Small rural towns face the greatest nursing shortfalls, research finds
Published on 16 October 2024 (Last updated on 17 October 2024)
Australia’s small rural towns are facing the greatest shortfalls in the medical workforce with the lowest number of nurses and allied health workers per capita impacting healthcare and aged care delivery.
Data analysed in a recently released study by the University of Wollongong also found that the number of healthcare workers did increase by 22% between 2016 and 2021 but rural and remote locations failed to see much of that growth.
Lead author Dr Colin Cortie from the University of Wollongong’s Graduate School of Medicine said it’s important to understand the distribution of healthcare workers.
“Ultimately health care is delivered by people and having the right people in the right areas is really difficult,” Dr Cortie said.
“Many would expect the greatest staffing shortfalls to be in remote and very remote Australia, but we found it’s actually small rural towns suffering the most.”
Under the Modified Monash Model, small rural towns are classified as MM 5. Examples include Renmark (SA), Benolong (NSW), Condamine (QLD) and Marnoo (VIC).
Locations like these typically struggle to attract healthcare workers due to smaller populations: they account for just 7.3% of Australia’s population.
“Small rural towns are seeing far fewer healthcare professionals per capita compared to metropolitan areas and even remote communities,” Dr Cortie said.
“There are three times as many doctors per capita in metropolitan areas than in small rural towns, and twice as many nurses and allied health workers.

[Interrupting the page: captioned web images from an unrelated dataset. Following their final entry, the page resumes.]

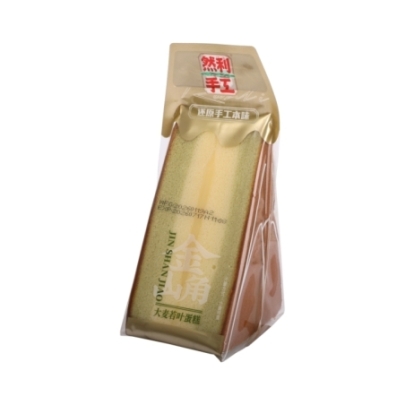 Bizcocho Sabor Original Rl 100 g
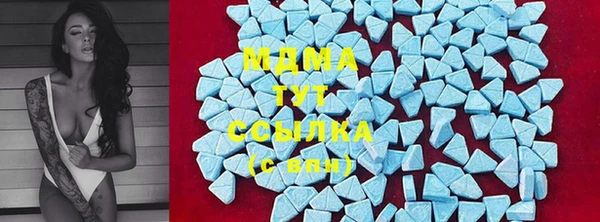 Альфа ПВП Козельск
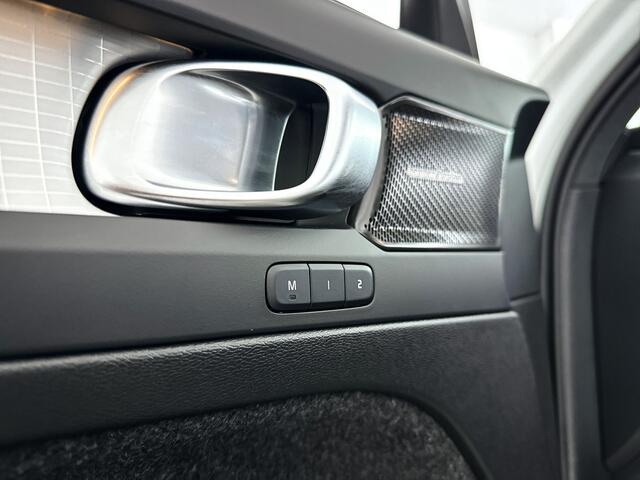 Volvo XC40 B4 Plus Dark | Parkeercamera | Stoel- en Stuurverwarming | Harman Kardon | Trekhaak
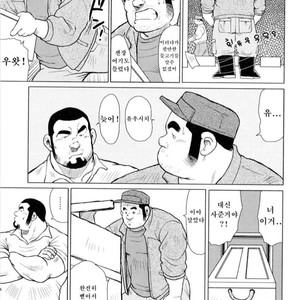 [EBISUBASHI Seizou] Sakanaya Kensuke [kr] – Gay Comics image 032.jpg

This means that people in rural areas have a much harder time accessing healthcare.”
“At the end of the day, this shortage poses significant risks to the health outcomes of Australians living in these regions.”
The researchers attribute the disproportionate workforce shortfalls in small rural towns to a range of factors including fewer private healthcare workers in rural areas and insufficient public sector employment to fill the gaps.
Dr Cortie said private healthcare services often struggle to operate in small rural areas due to economic and logistical challenges.
“In remote areas the decline in the private sector workforce has been compensated for by increasing the number of health care workers in the public sector,” Dr Cortie said.
“However, in small rural areas, no compensatory mechanisms have been introduced which has led to the current workforce shortages. Based on these shortfalls it’s clear that improvements in the recruitment and retention of a rural health workforce in small rural towns is desperately needed, but this will take time before it makes a difference in the community.
“In the short term, more immediate solutions could encompass alternative funding models and increased flexibility of employment conditions. It would also be great to see new trials of publicly-funded health care workers, specifically targeted towards addressing challenges in small rural towns.”
In aged care, some providers have turned to supplying their own accommodation as one way to overcome logistical challenges like limited housing supplies. Others tap into international workforces through programs like the PALM Scheme.
With a limited number of nursing and other healthcare professionals in rural, regional and remote areas, Dr Cortie believes that medical schools need to continue encouraging students to take on regional jobs.
He said schools that do this, including the University of Wollongong, have seen one-third of medical graduates still working regionally ten years after graduation.
“The medical program at UOW was designed to encourage graduates to work in regions suffering a shortfall of medical workers. It’s clearly working,” he said.
“In addition to changing how we train doctors, we also need to consider how we fund them. The funding models that work in cities aren’t working in rural areas.”